У Романа Валерьяновича Хлудова на совести гораздо больше смертей, чем у генерала Чарноты. Хлудов не жалел ни своих, ни чужих. Он сознавал чудовищность своих действий, но все жертвы были оправданы в его глазах служением некой высокой цели.
Такая цель не сводится к произвольному наказанию негодяев (точка зрения моральности). В некотором смысле она вообще важнее любой отдельной человеческой жизни.

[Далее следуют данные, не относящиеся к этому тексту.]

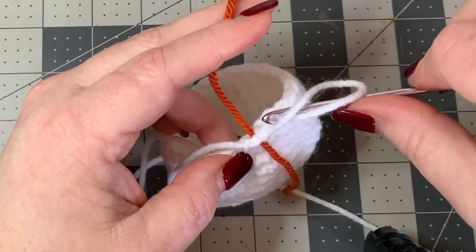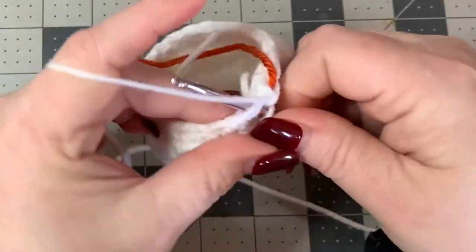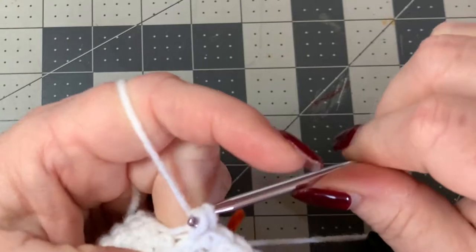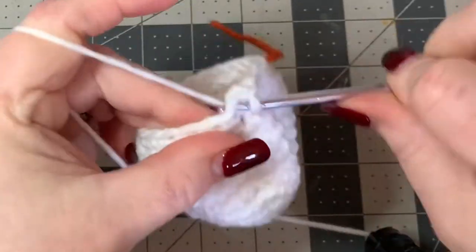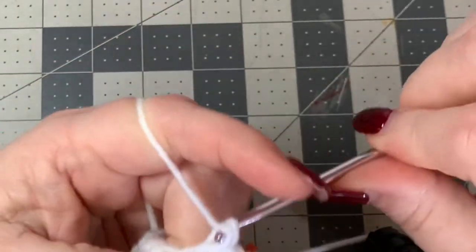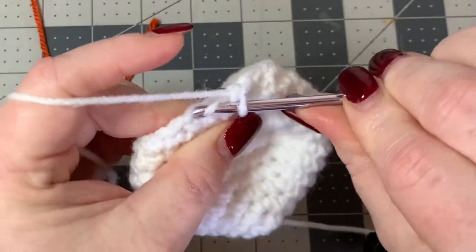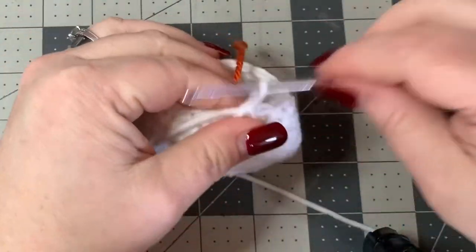Put your stitch marker back and now we're going to do a two and decrease: go into your next stitch, one single crochet, go into the next stitch, one single crochet, then a decrease. Keep doing that all the way around, then pull through and put your stitch marker back.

И, как ни парадоксально,
в рассматриваемых терминах определений объективного духа эту направленность амбиций Хлудова следует уже отнести не к моральности, но к нравственности.
У Гегеля мы встречаем описание момента объективной нравственности, для которого не существенна индивидуальность, а индивид является носителем случайности и произвола: «Так как нравственные определения составляют понятие свободы, они суть субстанциальность или всеобщая сущность индивидуумов, которые представляют собою по отношению к ним лишь нечто акциденциальное. Существует ли индивидуум, это безразлично для объективной нравственности, которая одна только и есть пребывающее и сила, управляющая жизнью индивидуумов. Нравственность поэтому изображали народам как вечную справедливость, как в себе и для себя сущих богов, по сравнению с которыми суетные предприятия индивидуумов являются лишь игрою волн» [«Философия права», § 145].
Обратим внимание, что здесь речь идёт об объективной нравственности, тогда как «в целом нравственности имеются как субъективный, так и объективный момент, но оба суть только его формы» [там же, § 144].
Далее Гегель говорит о нравственной субстанции как о единстве единичного и всеобщего. Для индивида нравственная действительность является средством освобождения: «Право индивидуумов на своё субъективное определение к свободе находит своё исполнение в том, что они принадлежат нравственной действительности. <...> Право индивидуумов на их особенность также содержится в нравственной субстанциальности, ибо особенность есть внешний способ проявления существования нравственного» [там же, § 153-154, курсив Гегеля сохранён].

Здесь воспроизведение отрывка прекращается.